Leave out the pictures, and print exactly the lines from the one holding "2024 Jeep Gladiator Sport 7" through the last line of the material.

----- DATA SUPPLIED

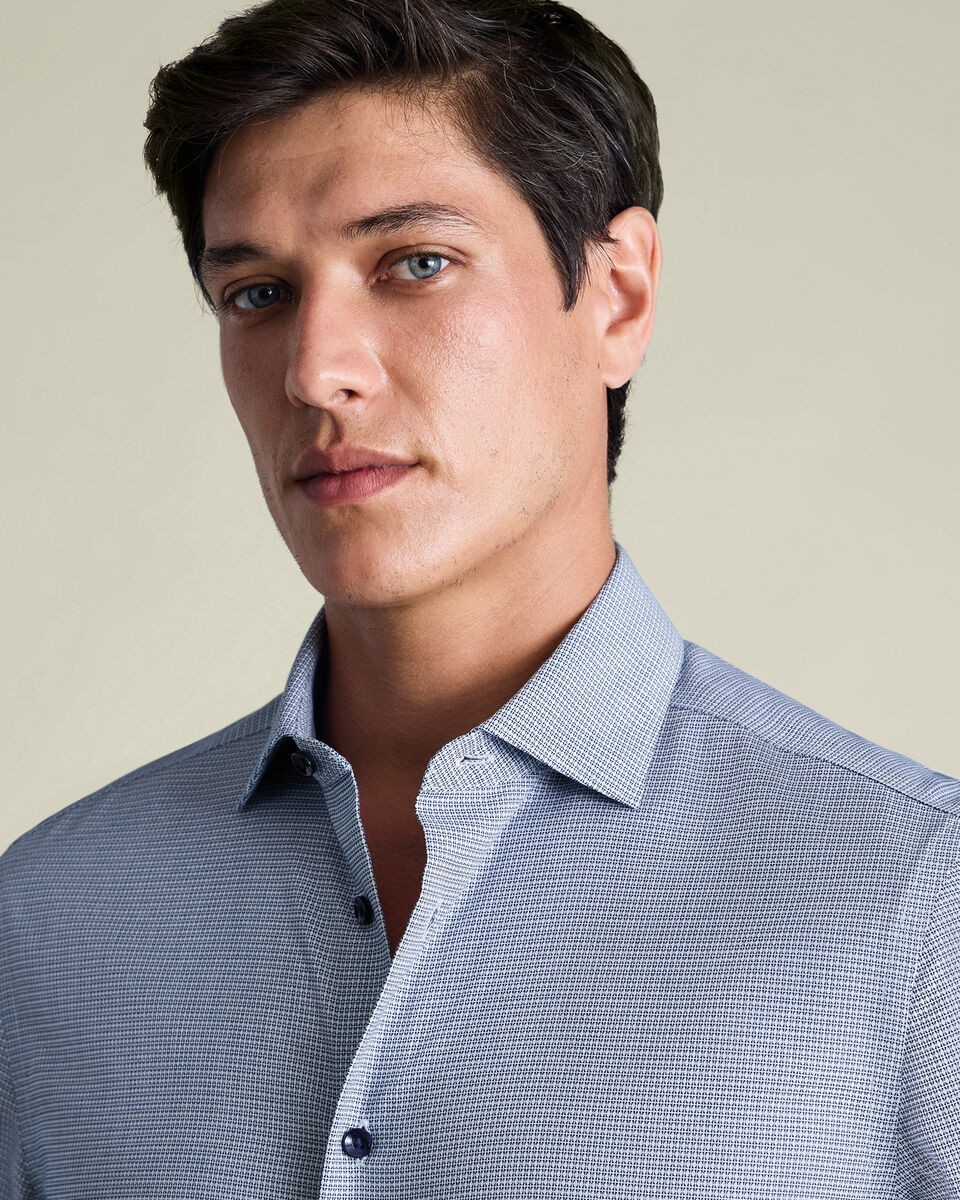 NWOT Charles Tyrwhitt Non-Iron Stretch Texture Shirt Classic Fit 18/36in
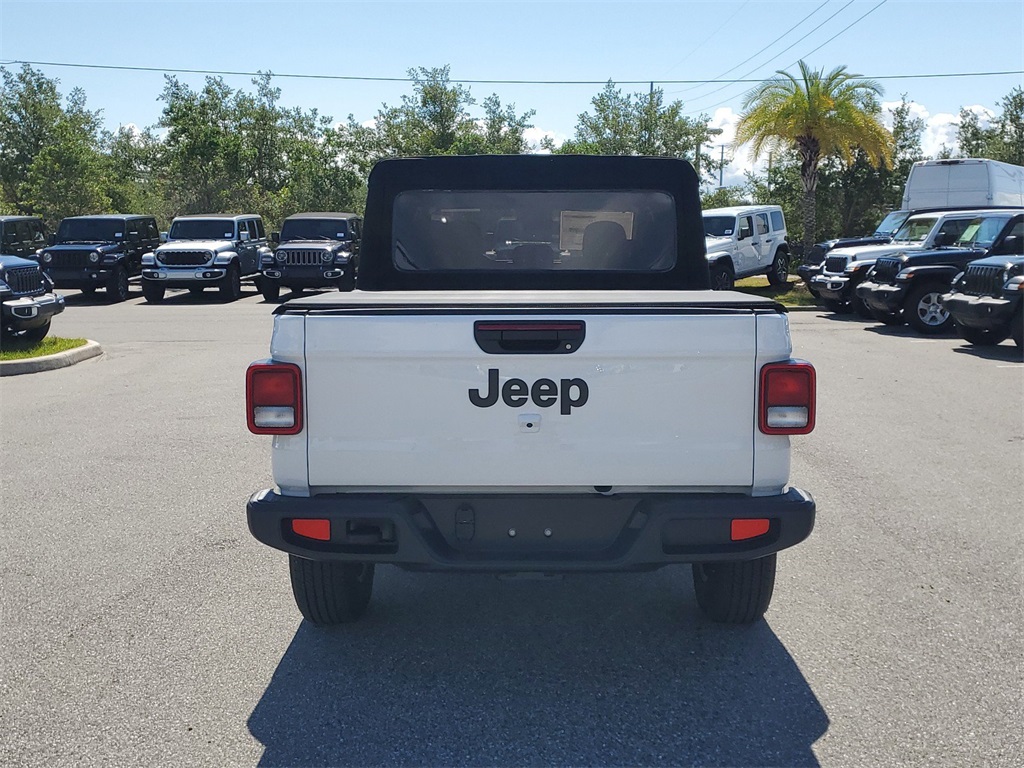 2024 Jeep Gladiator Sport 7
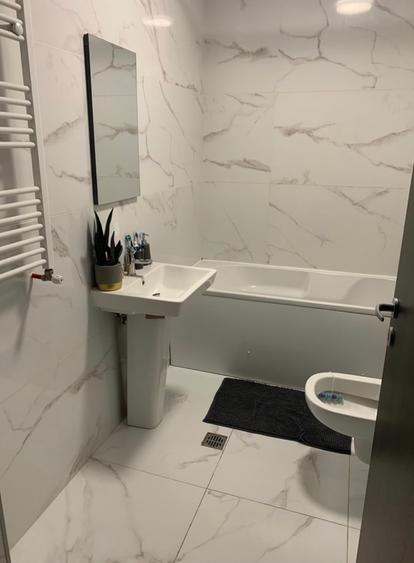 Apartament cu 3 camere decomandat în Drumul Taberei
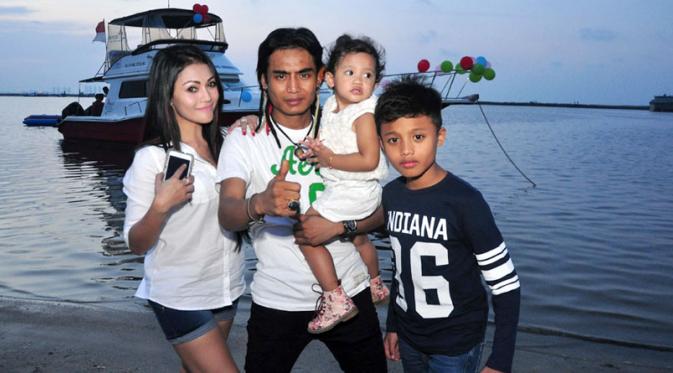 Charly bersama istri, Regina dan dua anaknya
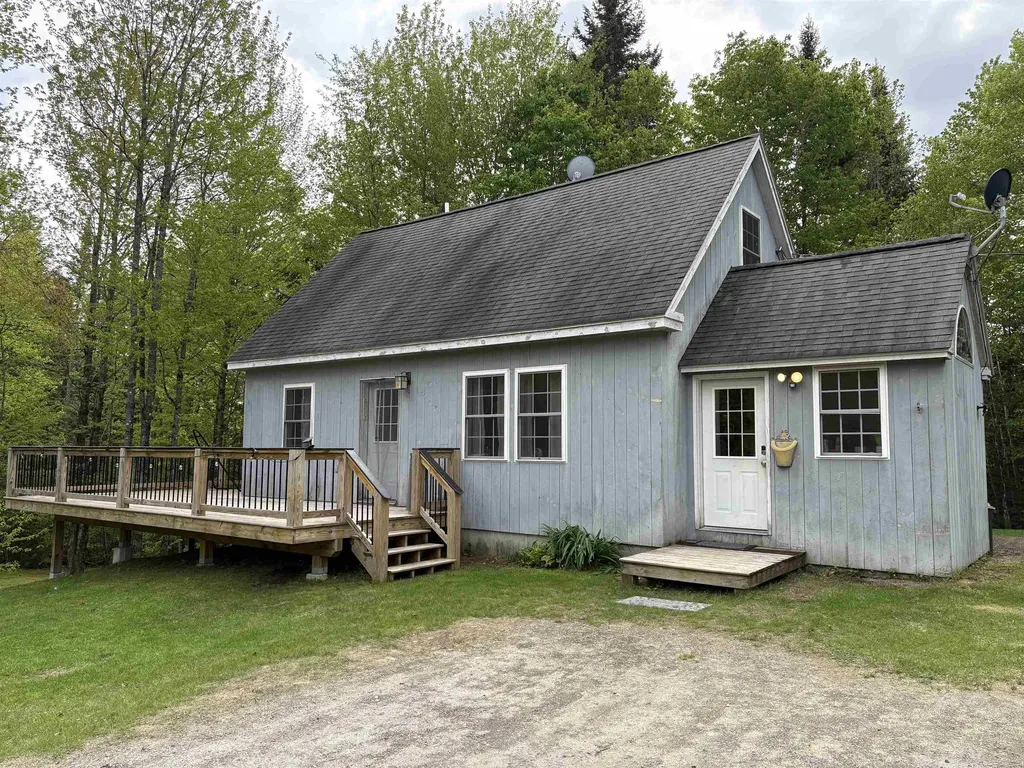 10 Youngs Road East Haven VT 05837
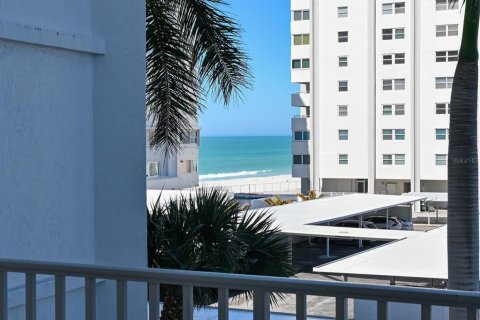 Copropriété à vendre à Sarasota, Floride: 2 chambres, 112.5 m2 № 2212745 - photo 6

----------

TASK RESULT:
 2024 Jeep Gladiator Sport 7
 Apartament cu 3 camere decomandat în Drumul Taberei
 Charly bersama istri, Regina dan dua anaknya
 10 Youngs Road East Haven VT 05837
 Copropriété à vendre à Sarasota, Floride: 2 chambres, 112.5 m2 № 2212745 - photo 6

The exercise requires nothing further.